Les procédures que devraient suivre les auditeurs externes, comme les commissaires aux comptes, pourraient conduire à renchérir le coût de leur prestation pour les entreprises, qui devront par ailleurs demander un double audit financier et extra-financier . Il conviendra donc d'être attentif à ce que coût ne pénalise pas les petites et moyennes entreprises.

b) Un enjeu commun : la formation

S'il est un angle mort des discussions européennes sur l'harmonisation des normes applicables à la finance verte et sur la création d'un cadre unifié, c'est bien celui de la formation, initiale et continue, de l'ensemble des parties prenantes (investisseurs, acteurs financiers et non financiers, agences de notation, vérificateurs externes, commissaires aux comptes, etc.).

Or cet enjeu va devenir de plus en plus pressant, que ce soit pour concevoir de nouveaux produits durables et pour informer les épargnants, ou pour répondre aux exigences nouvelles imposées aux entités mandatées pour vérifier les émissions d'obligations vertes, pour certifier les données utilisées dans le reporting de durabilité des entreprises et pour accompagner les entreprises dans la construction de leur comptabilité carbone (cf. infra ). Il faudra bien à cet égard pouvoir compter sur un vivier de compétences : ce sont des normes et non des subjectivités qui doivent être appliquées .

Pour ce faire, il faut pouvoir disposer d'une assurance raisonnable quant à la qualité de la formation initiale et continue suivie dans le domaine de la finance verte . C'est d'autant plus important que la concurrence est forte dans ce domaine.
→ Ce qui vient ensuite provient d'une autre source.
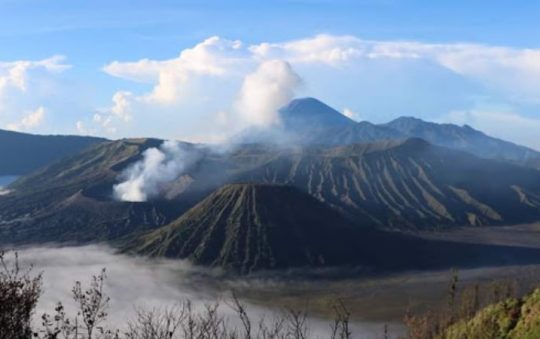 Bukit Teletubbies & Padang Savana yang Memukau di Gunung Bromo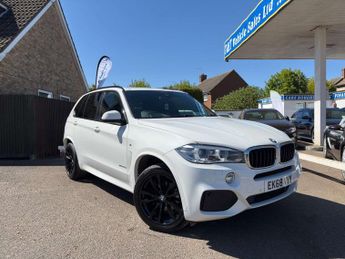 BMW X5 3.0 X5 xDrive 30d M Sport Auto 4WD 5dr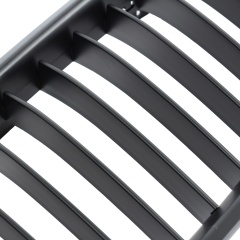 Nieren Grill matt Schwarz 11-teilig passend für BMW 3er F30 F31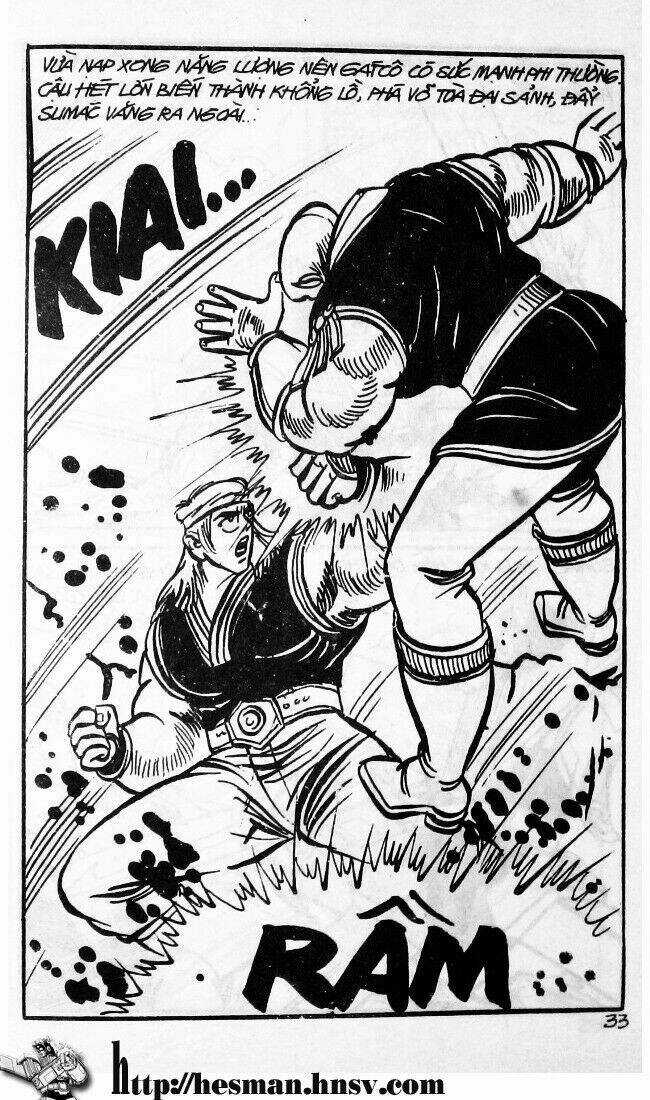 Dũng Sĩ Hesman - Chapter 92 - Trang 29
Pour citer le directeur général de l'Institut Louis Bachelier - organisme qui finance, diffuse et valorise la recherche en économie et finances - « la finance verte, c'est du brain business. On a la capacité de former les gens, encore faut-il le faire ».

L'AMF a ainsi commencé par inclure dans la certification professionnelle un module optionnel « finance durable ».

La certification professionnelle « finance durable »
de l'Autorité des marchés financiers

Les collaborateurs ou les futurs professionnels des prestataires de services d'investissement (PSI) ainsi que les conseillers en investissement participatif (CIF) doivent passer un examen de certification professionnelle pour garantir qu'ils disposent bien d'un socle minimal de connaissances et de compétences. Cet examen est organisé par les centres de formation certifiés par l'AMF.

Le Collège de l'AMF a souhaité au début de l'année 2021 que les connaissances minimales des PSI et des CIF en matière de finance durable soient renforcées, dans le cadre du dispositif obligatoire de certification professionnelle. Un nouveau module de certification « finance durable », encore optionnel, a ainsi vu le jour et, à la fin de l'année 2021, six organismes de formation étant certifiés par l'AMF.

Source : Autorité des marchés financiers, rapport d'activité pour l'année 2021 , 18 mai 2022

Recommandation n° 14 (Autorité des marchés financiers) : rendre obligatoire au 1 er janvier 2024 la présence d'un module de certification « finance durable » au sein du parcours de certification professionnelle proposé par les organismes de formation certifiés par l'Autorité des marchés financiers pour les conseillers en investissement participatif et pour les collaborateurs ou les futurs professionnels des prestataires de services d'investissement.

L'entité en charge de la promotion de la place financière de Paris, rattachée à Paris Europlace , Finance For Tomorrow (F4T), propose d'aller plus loin en créant une procédure de labellisation des formations , et notamment des masters en finance « traditionnelle ». Seuls les masters disposant d'un socle minimal de formation à la finance durable pourraient obtenir ce label. Sur ce sujet, F4T travaille avec des professionnels de la Place et des représentants du monde académique.


* 90 Serena Fatica et Roberto Panza, « Green bonds as a tool against climate change ? », 10 novembre 2020; Flammer, «Green Bonds : effectiveness and implications for public policy », 2020.